Há umas décadas, parte dos cristãos entenderam que era preciso aproximar-se das pessoas de fora da Igreja para poder apresentar-lhes o Evangelho. Mas entenderam que também era preciso mostrar que a Igreja tinha algum atrativo: músicas com os mesmos ritmos, reuniões com a mesma dinâmica e... comportamento e linguagem semelhantes. O sistema e a cultura permaneceram corrompidos como sempre foram, mas a Igreja, ao baixar a guarda para legitimar e expandir seu discurso, permitiu que a influência de fora entrasse pela porta da frente, e os cristãos estenderam palmas e cantaram: "Hosana! Somos atraentes e parecidos!".
Não parou aí. Aqueles que foram atraídos para dentro a Igreja, como não viram diferença entre lá e cá, demonstaram pouca disposição em manifestar sinais mínimos de mudança comportamental: não houve conversão, mas convencimento. Por seu lado, alguns cristãos que "abriram suas mentes" para a aproximação, passado algum tempo deixaram de buscar almas e contentaram-se repartir os despojos, isto é, aquilo que trouxeram de fora: ambição, egoísmo, individualismo, sede de poder, empenho por autoridade, necessidade de auto-afirmação e uma gama de defeitos e vícios os quais não precisávamos em hipótese alguma.

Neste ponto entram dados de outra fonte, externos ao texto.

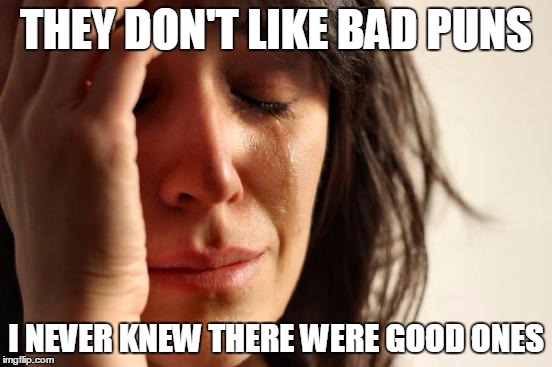 First World Problems Meme | THEY DON'T LIKE BAD PUNS I NEVER KNEW THERE WERE GOOD ONES | image tagged in memes,first world problems | made w/ Imgflip meme maker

As virtudes que percebo como essenciais e que marcaram toda a história da Igreja, as mesmas que grandes religiões perseguem, foram abandonadas por esta parcela da Igreja; hoje fazem parte de um museu da história dos fracos. Humildade, serviço, mansidão, submissão, amor, longanimidade, paciência, prudência. Quem quer isso? Quem quer ser conhecido por essas qualidades?
Jesus não enganou os cristãos durante toda a trajetória da Igreja nos últimos dois mil anos. O Evangelho não foi reeditado; ele é o mesmo desde o primeiro século. Desse modo, todo aquele que procura ler e entender a Bíblia como um todo orgânico e unificado, que não deturpa o sentido original das Escrituras e tem se aproximado de Jesus com reverência, colocando-se no lugar do discípulo diante do Mestre perceberá facilmente que a autoridade apregoada em nossos dias é para os fracos. Cristãos que cuidam de sua espiritualidade não são encantados pela sedução de viver conforme o modelo caído e em estado de putrefação, modelo perverso e enganador da cultura vigente. Há cristãos boquiabertos diante da possibilidade de serem poderosos, reconhecidos, autoridades nacionais (ainda que, repito, não entendam bem o que é isso).
Não quero essa autoridade ilegítima, condenada e denunciada por Jesus, contrária ao Evangelho e essencialmente anticristã. Procuro e busco o modelo deixado pelo Senhor e insisto em fazer dele o meu modo de vida. Esforço-me por ser servo; autoridade é para os fracos.